Когда всё стихло, король накинул плащ и пошёл из своей комнаты к кормилице. Она уже давно никого не кормила, а просто жила во дворце. Ему нужно было заглянуть в её умные, старые, ясные глаза. Король приоткрыл дверь маленькой комнаты: кормилица пила кофе с феей Лио. Не сказав им ни слова, король сел на коня и ускакал в самую гущу леса. Там ему всегда легче думалось. Он и не знал, что много лет в гуще этого самого леса хорошо думалось и Сильфине. Тем временем, принц Мелеандр, отыскав Золушку со второй туфелькой, возвращался во дворец. Он был счастлив, но девушка вела себя странно. Улыбалась ему, но только очень вежливо. Когда они вошли во двор замка, и Пи сказал, что король куда-то выехал верхом, прелестные голубые глаза незнакомки наполнились слезами. Принц махнул музыкантам, они заиграли, а Пи предложил Золушке побыть её кавалером и погулять с нею в саду.

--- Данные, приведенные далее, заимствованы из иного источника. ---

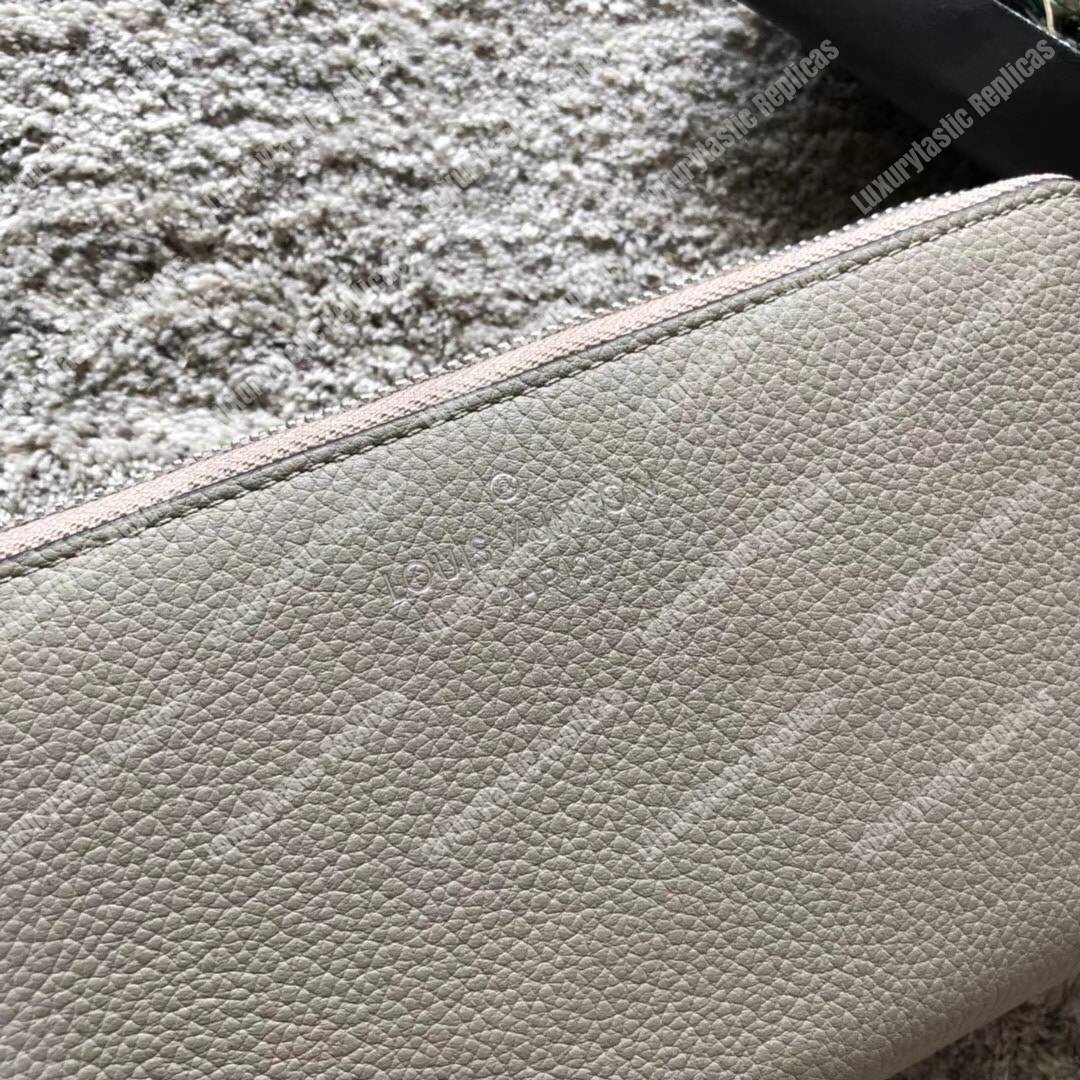 LV Comete Wallet Autres Cuirs Galet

Сильфина шла с шутом по узкой дорожке среди кустов жасмина, а феи только успевали ловить её слезинки двумя руками, чтобы те не потекли по щекам. Это одно из обычных занятий фей, когда люди плачут. Даже "слепые".

Золушка села на траву. На ней было новое, подаренное феями с утра, голубое платье, вышитое цветами нежнейших оттенков. Вдруг эльфы стали кружиться в хороводе вокруг девушки и петь. А горбатенький шут Пи стал подпевать этой мелодии, хитро улыбаясь Сильфине. Она видела, как он щекотал фей и целовал эльфов и гномов, усевшихся рядом с ним и так на него похожих. Девушка улыбнулась, с доверием глядя на горбунка, а все остальные хихикали весёлую мелодию.

– Как зовут короля? – спросила шута девушка.

– Жоан, – ответил дурацкий мудрец, – дай руку.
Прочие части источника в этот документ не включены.